Date: 2009-02-26 12:31 pm (UTC)
From: [identity profile] chapel-of-words.livejournal.com
I'm not sure how a bad program well spent and transparently posted makes it all the sudden a good program. Biden has shifted Obama's message of "we're going to expose and humilate the politicans wasting the money" too "we're going to expose and humiliate the politicians who *aren't* spending the money". May have been a flub.

But all the transparency in the world isn't going to help without leadership. CAGW.org has posted all the pork projects for years - it's been out there and easily available, and yet here we have the first OMB spending bill in our major financial/economic crisis and there's another 9,000 pork projects by both parties.

Tim C.

Date: 2009-02-26 12:28 pm (UTC)
From: [identity profile] chapel-of-words.livejournal.com
I completely agree on the infrastructure parts, the federal highway buildout is another great example. But that's not what we're getting. What we're getting is the Democrats (and Bush in 2008, now Obama) are coopting the same bad thought process that lead us into Iraq. Drum up fear of nightmare scenarios, use the fear to justify "we must do *something*", the something is worse than the status quo and makes the situation even worse, and then the worsening situation is used as justification for more bad actions.

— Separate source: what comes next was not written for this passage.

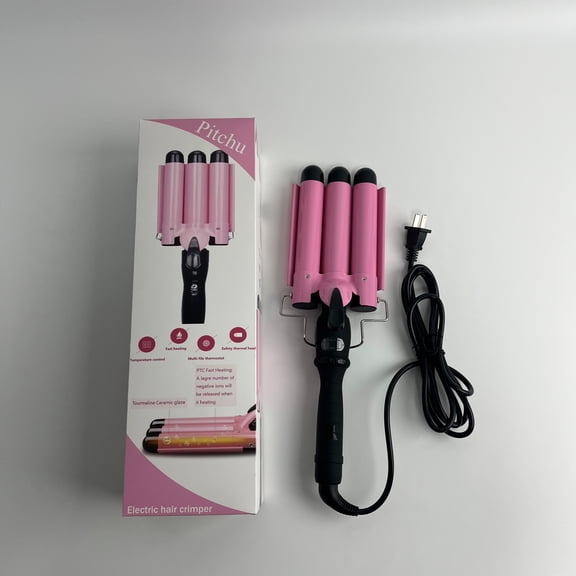 Pitchu Electric hair crimper, 3 Barrel Curling Iron Hair Crimper: Birthday Gifts for Women - Dual Voltage Adjustable Temperature Three Barrels Hair Waver - 1 Inch Ceramic Curler Wand (Pink)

AIG, GM, Chrylser, the worst of the banks - no one's drawing the line and saying "we're going to let bankruptcy run its course". It's very frustrating, it's how governments turn market corrections into market disasters that drive us into depressions. The worst case estimates of letting AIG go bankrupt at the time was that the Dow would drop to 7700. We're already past that and going lower, and we're also between $1.5-$2T further in direct spending thrown into the bonfire.

And it's all done on the back of fear mongering (just like the WMD case) - there was a poll CNN did that indicated 77% of people thought the US was in really bad shape economically, but if you asked them how *they* were doing, about the same amount (~70%) said they were doing fine.

Tim C.

Date: 2009-02-26 10:26 pm (UTC)
From: [identity profile] flaggerx.livejournal.com
Personally, I like the stocks. It's old school, non-lethal and utterly, utterly humiliating. These are people whose ego could support a gas giant. Bring them down to earth.